Bismillah
Pocong Itu Bapakku#part 31
#R.D.Lestari.
Tubuh Toing menggeliat. Seperti ada yang bergerak di dekat daun telinga dan lehernya. Lelaki berumur empat puluh tahunan itu menggaruk tubuhnya cukup kencang, tapi rasa gatal menjalar ke seluruh tubuhnya.
Mata yang sangat mengantuk itu perlahan ia buka. Gelap gulita. Hanya nampak langit malam yang penuh bintang.
Kembali ia menggaruk tubuhnya dan menangkap makhluk yang sedari tadi merayap hampir masuk ke lubang telinganya.
Slap!
Ia memperhatikan dengan seksama makhluk kecil yang menggeliat di tangannya.
Matanya membulat saat mengetahui benda itu. "Ca--cing? hiii ....!"
Ia melempar cacing itu ke sembarang tempat. Belum reda rasa keterkejutannya, Ia kembali di suguhkan pemandangan mengerikan. Bibirnya bergetar seketika begitu juga tubuhnya.
Gundukan tanah dengan nisan-nisan putih dan nama samar-samar terlihat jelas saat bulan purnama mulai muncul karena awan yang menutupinya mulai bergerak menjauh.
Lolongan suara anj*ng sayup-sayup terdengar di kejauhan, membuat bulu kuduk merinding seketika.
"Ku--kuburan?" desisnya. Peluh mulai mengucur diantara anak rambutnya.
Tap!
Tanpa sengaja tangannya seperti menyentuh sesuatu. Perlahan Ia menggerakkan kepalanya dan pandangannya tertumpu pada seseorang yang terbaring dengan suara dengkuran cukup keras.
Plok!
Tanpa sadar tangannya terangkat keatas dan sebuah tamparan keras ia layangkan ke wajah seseorang yang masih terlelap.
"Uasuuu!" maki orang itu yang tak lain adalah temannya sendiri, Aman. Aman menatap garang sembari mengelus pipinya yang memerah.
"Woy, apa-apaan sampean nampar Aku, toh, Ing?" tanyanya dengan nada marah.
"Koe tu ya, Man. Enak-enakan turu! lihat kita ada di mana!"
Aman bergeming. Matanya mengedar ke segala arah. Seketika bulu-bulu di tubuhnya berduri semua. Ia bergidik dan menyentuh tengkuknya.
"Ku--kuburan? kita di kuburan, Ing?" dengan gigi bergemeretuk, Aman mendekati sahabatnya.

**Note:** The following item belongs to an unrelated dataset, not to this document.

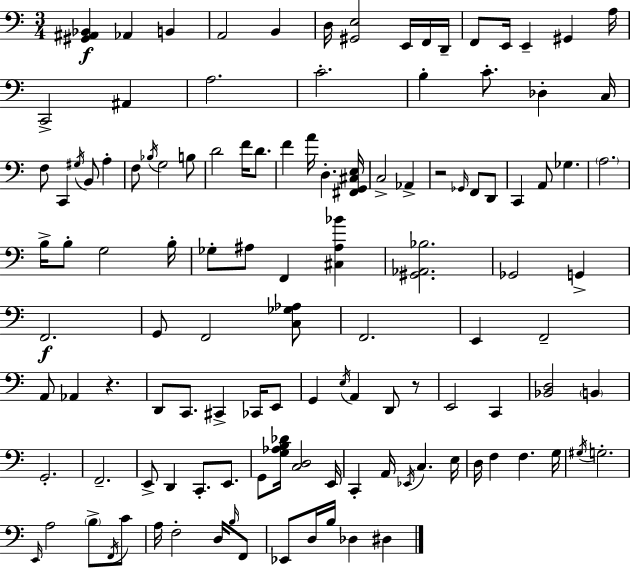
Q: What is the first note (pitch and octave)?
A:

"Wes tak omongi, sebelum magrib kita pulang, kamu ngeyel sih, Man," Toing mendesah kesal.
Srekk!
Tiba-tiba terdengar suara gemerisik dedaunan. Toing dan Aman saling berpandangan. Detak jantung terdengar kencang. Mereka semakin di dera rasa takut.
"A--apa itu, Ing?" Aman meraih lengan Toing dan mencengkeramnya.
"Man, ikuti kata Aku, ya. Hitungan ketiga kita lari. Satu ...," perlahan Aman bangkit mengikuti Toing.
"Dua ... tiga!" tepat pada hitungan ketiga, dua orang lelaki paruh baya itu lari tunggang langgang dan saling berpegangan.
Beberapa kali Aman terjerembab, tapi Toing kembali membantu temannya itu, meski napas terengah dan capek luar biasa.
Beberapa kali mereka melihat bayangan putih dengan ikat kepala berpindah dari satu tempat ke tempat lain seperti mengikuti mereka.
Berulang kali juga Aman teriak minta ampun. Meski wajah makhluk itu tak nampak, tapi tubuh berbalut kain kafan itu bertubuh tinggi.